In 1956 Martin Gardner invented the perfect job for himself: writing a monthly column called Mathematical Games in the pages of Scientific American. Then he invented the Martin Gardner who could do the job. “I hurried at once to the used bookstore section of Manhattan, then near the Village, to buy all the books I could find on recreational math,” he writes in Undiluted Hocus-Pocus: The Autobiography of Martin Gardner, recently published by Princeton University Press. “If you look over all my columns..., you'll find that they steadily become more sophisticated mathematically. That was because I was learning math.”
Gardner, who died in 2010 at age 95, presided over Mathematical Games for 25 years, to the delight of millions of readers. Given the title of his column, it's no surprise that Gardner had a lot to say about games and puzzles. There was fun in every essay—and sometimes even juvenile humor. But he also ventured far beyond the customary territory of “recreational” math. He wrote on the theory of knots, on paradoxes of free will, on learning by induction. He introduced the public to a bevy of big ideas: the nonperiodic tilings of the plane invented by British mathematical physicist Roger Penrose, the fractals of Polish-born mathematician Benoît Mandelbrot and, perhaps most famously, the Game of Life, a minimalist simulation of birth and death devised by British mathematician John Horton Conway.

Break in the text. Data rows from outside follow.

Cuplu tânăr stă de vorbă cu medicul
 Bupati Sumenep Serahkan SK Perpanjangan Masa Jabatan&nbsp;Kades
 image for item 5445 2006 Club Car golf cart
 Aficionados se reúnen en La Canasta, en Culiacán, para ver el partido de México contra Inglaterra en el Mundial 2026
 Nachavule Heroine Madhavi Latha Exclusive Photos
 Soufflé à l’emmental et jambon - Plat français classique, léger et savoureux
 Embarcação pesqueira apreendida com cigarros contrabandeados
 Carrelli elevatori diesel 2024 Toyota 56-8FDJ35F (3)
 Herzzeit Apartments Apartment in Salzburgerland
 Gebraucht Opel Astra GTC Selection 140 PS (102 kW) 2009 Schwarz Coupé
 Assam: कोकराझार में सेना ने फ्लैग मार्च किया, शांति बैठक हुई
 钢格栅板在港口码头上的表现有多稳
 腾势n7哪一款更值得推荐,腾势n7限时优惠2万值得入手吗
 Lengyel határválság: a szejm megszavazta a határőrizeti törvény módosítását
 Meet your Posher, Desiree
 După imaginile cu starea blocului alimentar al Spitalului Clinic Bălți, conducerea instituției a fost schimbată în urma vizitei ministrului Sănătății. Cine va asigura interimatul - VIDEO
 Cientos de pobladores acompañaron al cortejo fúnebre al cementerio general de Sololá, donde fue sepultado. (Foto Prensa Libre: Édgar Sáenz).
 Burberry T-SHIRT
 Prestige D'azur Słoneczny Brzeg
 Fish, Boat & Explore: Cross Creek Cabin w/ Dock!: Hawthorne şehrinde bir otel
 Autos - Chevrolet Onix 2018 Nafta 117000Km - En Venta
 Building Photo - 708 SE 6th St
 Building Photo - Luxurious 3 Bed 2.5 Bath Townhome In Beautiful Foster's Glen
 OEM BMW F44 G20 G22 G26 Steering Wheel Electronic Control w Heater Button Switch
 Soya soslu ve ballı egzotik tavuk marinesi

I had the pleasure of getting to know Gardner when I joined the staff of Scientific American in 1973. He worked from home, and around the office we referred to him as a “shy woodland creature,” seldom seen or heard. I might never have met him except that we both lived in towns along the Hudson River, north of New York City, and so I was recruited as a courier of manuscripts. When I visited, he would show me a magic trick, or challenge me with a puzzle (which I usually failed to solve), or deliver the latest from his far-flung network of sources.
When Martin announced in 1980 that he wanted to retire, a delegation of us entreated him to reconsider. We offered him more money, a lighter workload and secretarial help, but our main argument was simply that nothing he might do with the rest of his life could possibly have a greater impact on humanity than continuing the column. Martin did not dispute our point, but he also did not waver in his determination. He wanted to write a big book setting forth his fundamental philosophical and theological principles. That book, The Whys of a Philosophical Scrivener, appeared three years later. The New York Review of Books published a scathing, dismissive review—written by Gardner himself.
Even now, I still see Gardner's departure as a waste of human capital, but his autobiography at least makes clear that the decision was no whim. During his tenure as explicator in chief for the world of mathematics, he had other currents flowing through his life. The quarter of a century Gardner spent at Scientific American was only about a quarter of his existence, and it gets an even smaller proportion of this autobiography.
The formative event in Gardner's youth was leaving behind his childhood in Tulsa, Okla., for studies at the University of Chicago, where he majored in philosophy. He told one version of this story in a 1973 novel, The Flight of Peter Fromm, which I took for a conventional loss-of-faith narrative: a young man from a fundamentalist Christian family confronts the wider world and leaves behind his illusions. Undiluted Hocus-Pocus gives a subtler account. Yes, Gardner turned away from the religion of his parents, but he remained deeply engaged in a quest to find a meaning or purpose in life—and in an afterlife. Atheists have all the best arguments, he concedes, but nonetheless he hopes and believes.